Today, Shudder, the premium thriller, horror, and supernatural streaming service backed by AMC Networks, released the BBC's infamous faux-paranormal documentary, GHOSTWATCH for the first time ever in the United States.
Produced as a part of the BBC anthology series Screen One, it was presented as a live television investigation of paranormal activity, not as a scripted TV movie. It was banned after the premiere as a result of disturbed viewers making an estimated 30,000 panicked calls to the BBC switchboard in a single hour. GHOSTWATCH was never re-aired on UK television, it never aired in the United States, and has never been made available on home video in the U.S.
The premiere of GHOSTWATCH on Shudder marks the second time in two months the streaming service has debuted a largely unseen piece of genre history for U.S. viewers; Shudder premiered Ken Russell's controversial 1971 masterpiece THE DEVILS in March, making it widely available for the first time in decades.

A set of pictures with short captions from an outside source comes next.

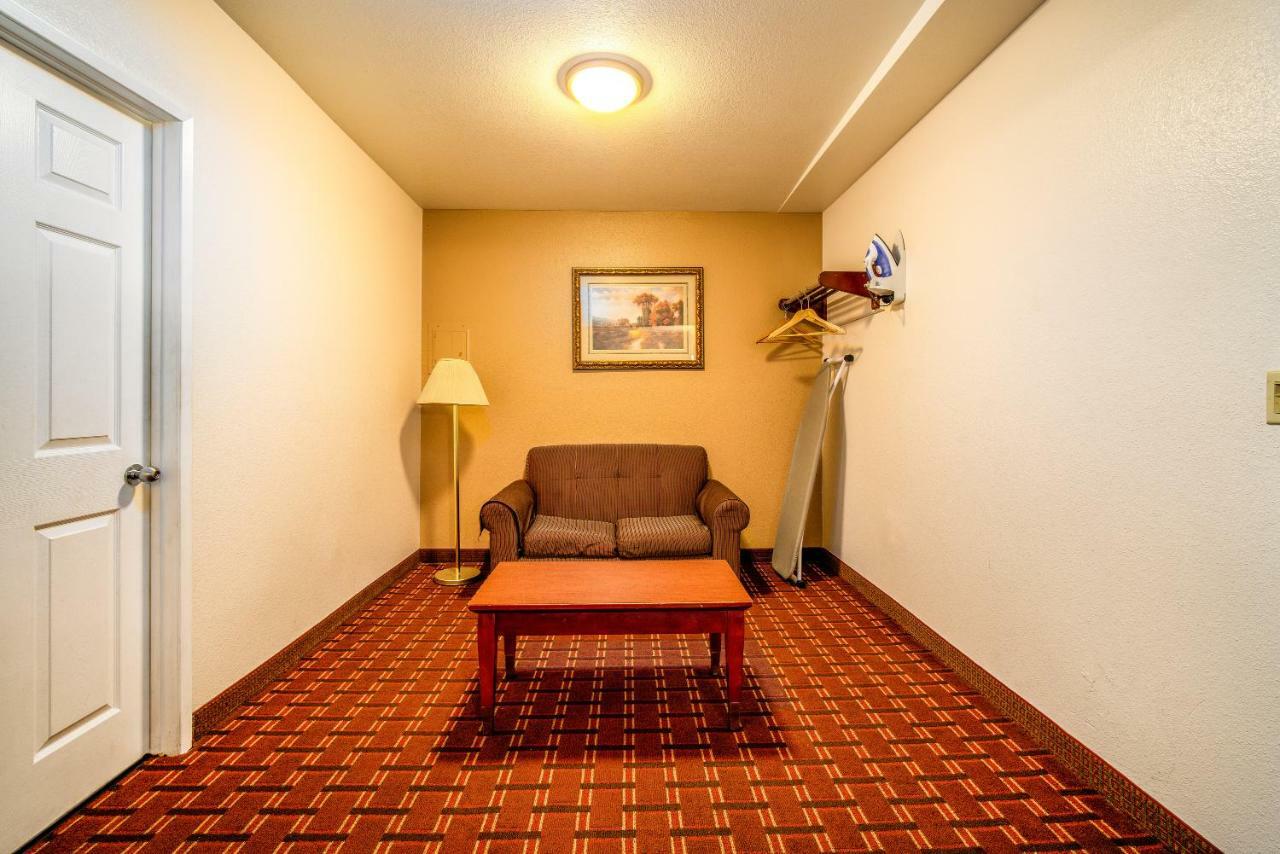 Regency Inn & Suites Downey Exterior photo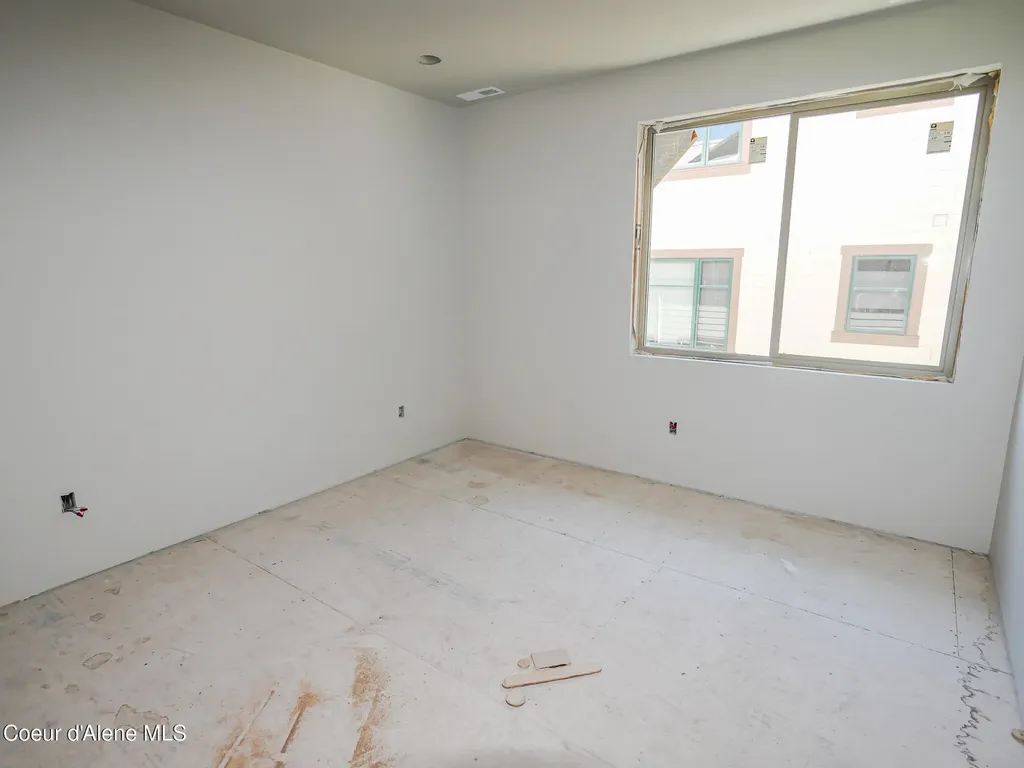 18040 E Mount Eagen Loop Bayview ID 83803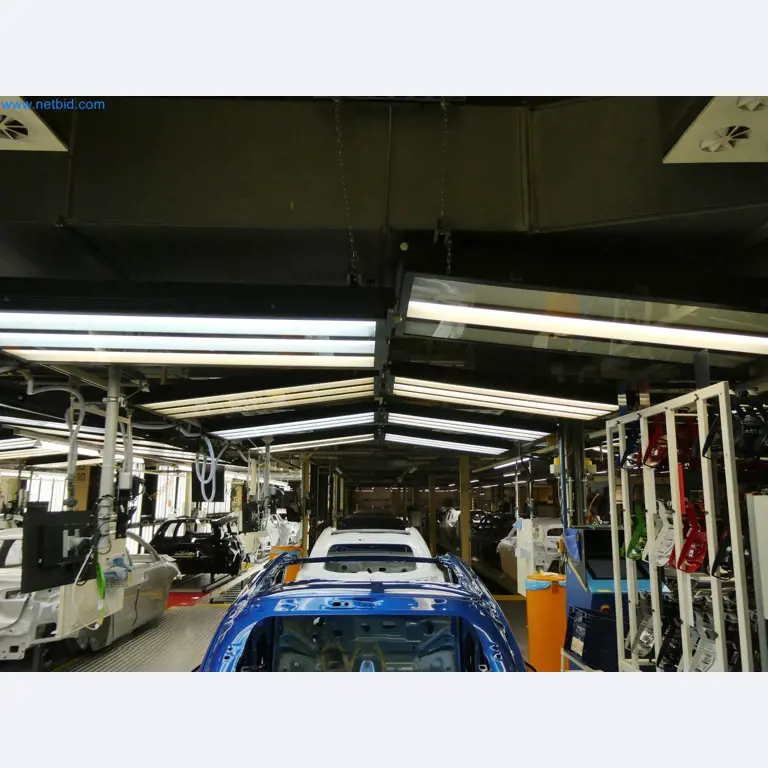 Roboty, sprzęt spawalniczy i akcesoria montażowe z branży motoryzacyjnej-3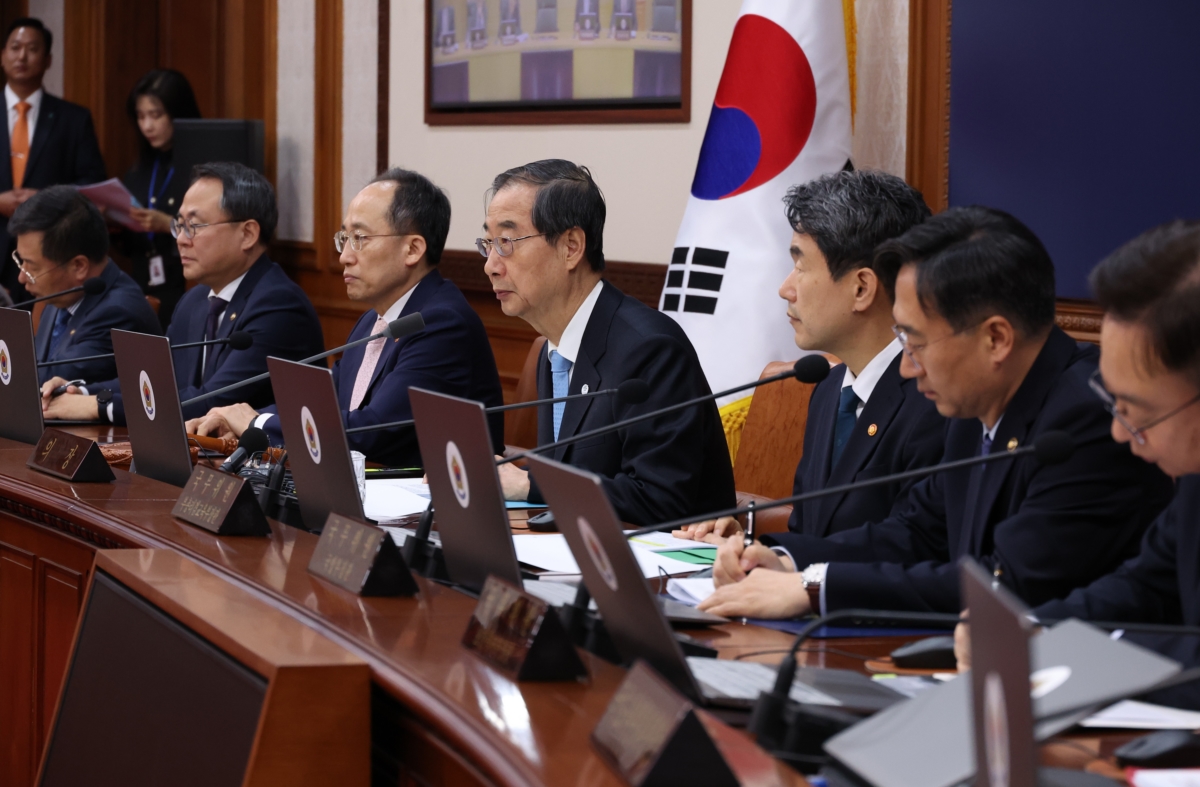 한덕수 국무총리가 17일 오전 서울 종로구 정부서울청사에서 열린 국무회의에 참석, 발언하고 있다. 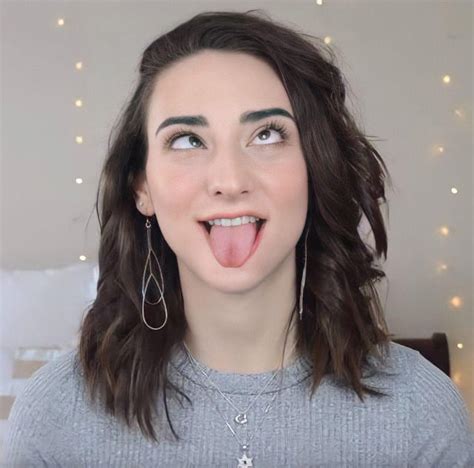 r/AbigailShapiro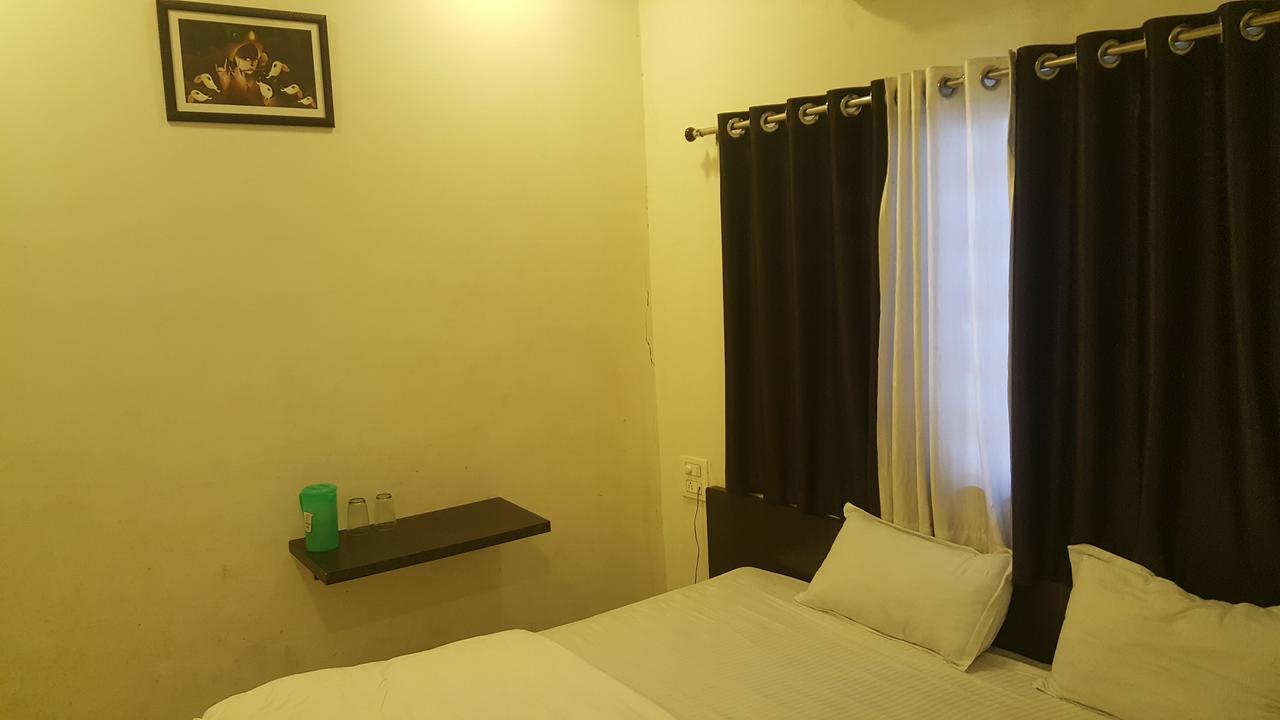 Hotel Kalajanki 乌贾因 外观 照片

Directed by Lesley Manning and written by Stephen Volk, GHOSTWATCH, is a documentary style on-air of a house in Northolt, Greater London that's experiencing bizarre poltergeist activity. The recording of GHOSTWATCH was presented as live television causing a panic for viewers similar to "The War of the Worlds" in the United States.
GHOSTWATCH features actual BBC personalities playing themselves, adding to the confusion for an unsuspecting audience. The film was a clear precursor to THE BLAIR WITCH PROJECT, PARANORMAL ACTIVITY and the found-footage genre. The mock-umentary has a cult following, where an annual event, known as National Seance, occurs every year on Halloween night at 9:25 PM (the original broadcast time of GHOSTWATCH), where fans are encouraged to hit play on their own personal copies of GHOSTWATCH and live tweet the special.